Frequencies are designated in Hz, which is an abbreviation for Hertz (the unit of measurement of the frequency in cycles per second). A frequency range of 30Hz to 30kHz covers the range of very low sounds (such as a string bass or contrabassoon) to very high sounds (such as the overtones of a piccolo).
Frequency response refers to the way a microphone responds to different frequencies over its specified operating range.
In the image below you can see what types of sounds are present at various frequencies.
Recent scientific research has shown that music has high frequency overtones as high as 100kHz. Most humans can only hear pure tones to 15kHz or 20kHz. However, this research shows that overtones above 20kHz contribute to the sound quality, or timbre, of sound that we hear or perceive. Some Earthworks microphone models have a frequency response up to 50kHz. You can read the technical paper ‘The World Beyond 20kHz’ written by David E. Blackmer to learn more about extended frequency response.
A flat frequency response means that the microphone is equally sensitive to all frequencies over its entire operating range.
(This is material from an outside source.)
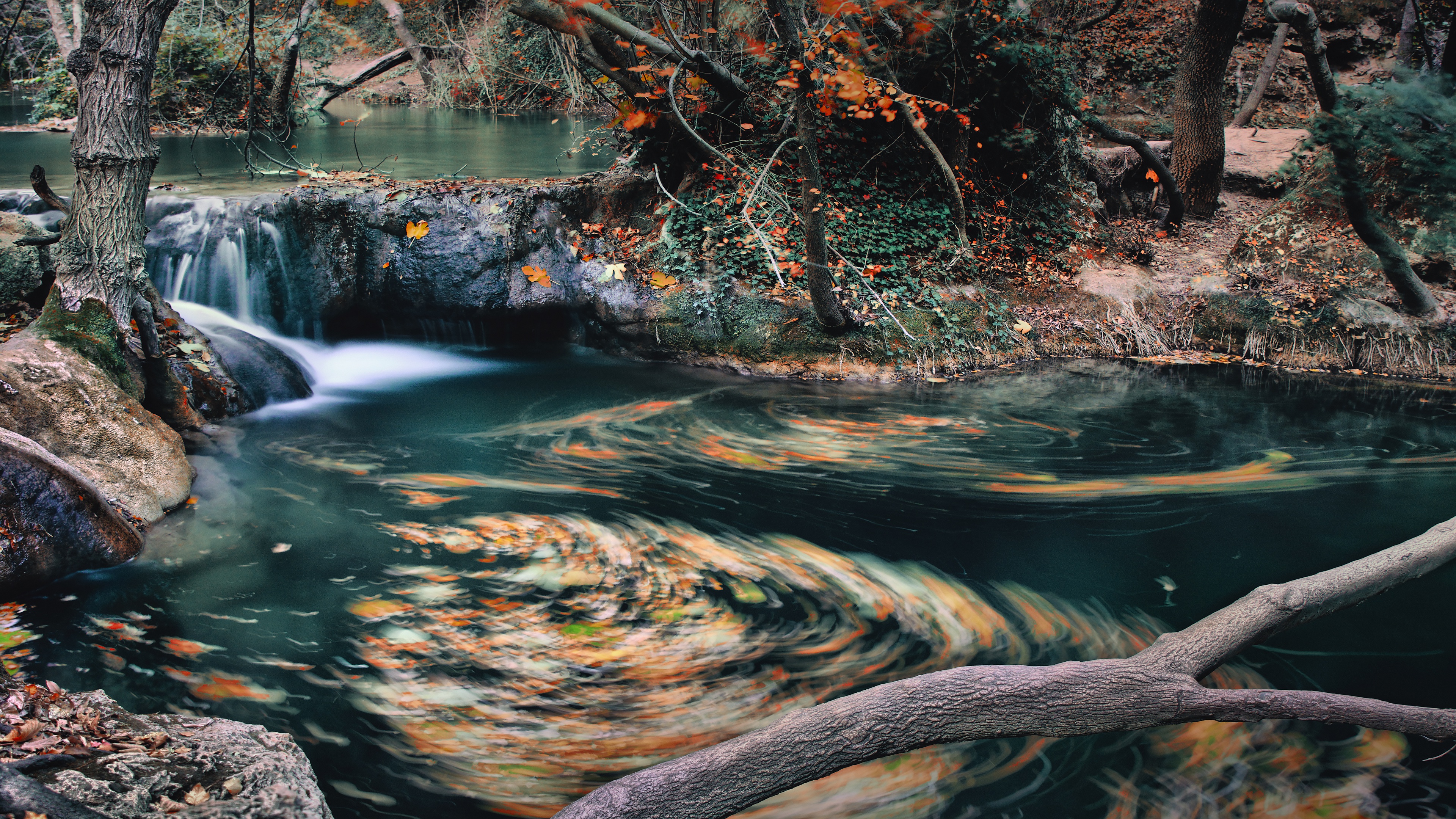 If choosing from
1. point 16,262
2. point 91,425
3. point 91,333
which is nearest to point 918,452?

A flat frequency response insures that no frequencies are exaggerated or attenuated, resulting in a more accurate representation of the original sound.
Again, the Frequency Response indicates the accuracy of a microphone within its specified operating range (i.e. where the bumps and dips are).
However, Frequency Range is different, as it defines the operating range of a microphone and indicates the lowest and highest frequencies that a microphone will capture. For example, a microphone that has a frequency operating range of 30Hz to 40kHz can reproduce all frequencies within this range. Frequencies outside this range will be reproduced at a much lesser extent or not at all. A microphones frequency operating range is typically indicated in the print specifications, while its frequency response is normally shown on a graph such as the Earthworks SR40V response chart pictured at the right.